Anti-institutioneel extremisme
Over de dreiging van anti-institutioneel extremisme concluderen de onderzoekers dat in 2022-2023 een vergelijkbaar dreigingsfenomeen te zien is als eerder in 2021: een amorf, eclectisch ongenoegen, omgedoopt tot ‘anti-institutioneel extremisme’, dat zich verhardt, maar waarvan de dreigingsinschatting ambigue is. Op korte termijn is er een relatief klein risico op geweld tegen personen of objecten, op de langere termijn kan het risico groter worden. ‘Tegelijkertijd is de constatering dat de niet-gewelddadige ondermijning van de democratische rechtsorde op termijn wellicht de grootste dreiging is die van (onder meer) anti-institutioneel extremisme kan uitgaan: de voortdurende delegitimering van de instituties van de democratische rechtsorde.

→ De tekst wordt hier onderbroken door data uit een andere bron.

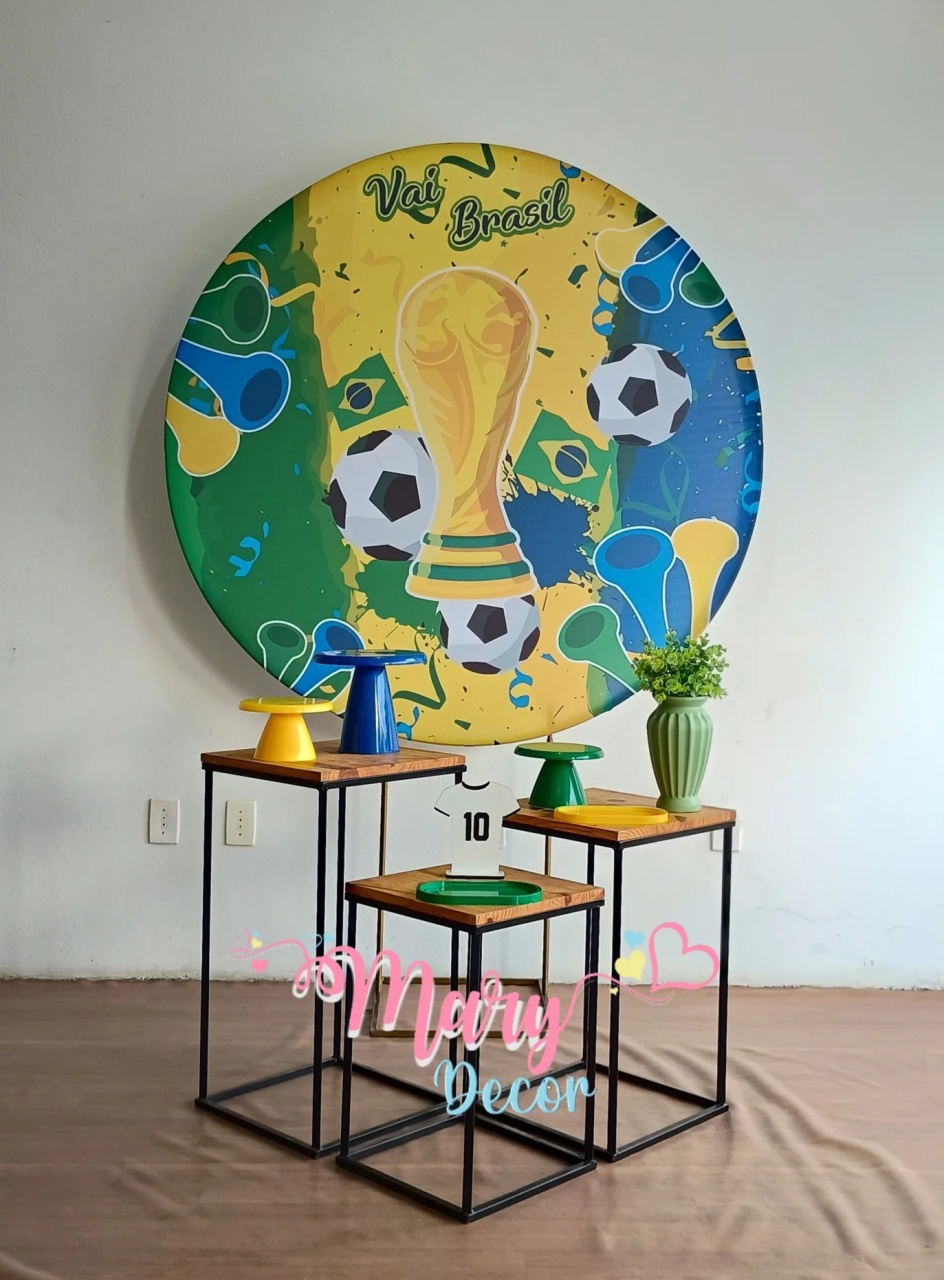 Copa Brasil Kit So Uma Coisinha Simples 02 - Mary Decor Festas & Locações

Precondities van politiek geweld
Een voortdurende en verdergaande delegitimering en ondermijning van de instituties van de democratische rechtsstaat kan begrepen worden als wat de Amerikaanse onderzoeker Martha Crenshaw de ‘precondities’ van politiek geweld heeft genoemd: structurele condities die op zichzelf niet direct tot politiek geweld leiden, maar wel als ‘gunstige voorwaarden’ voor het ontstaan van geweld kunnen worden begrepen. Niet-gewelddadige manifestaties, zoals intimidatie, opruiing of dreigende berichten op mediaplatforms, kunnen worden opgevat als eerste indicatoren van een verhoogd risico op geweld. ‘Dit vraagt om permanente monitoring en analyse van de ontwikkeling van dreigingsfenomenen, ook als er nog geen duidelijke aanwijzingen zijn voor voorbereidings- of uitvoeringshandelingen.’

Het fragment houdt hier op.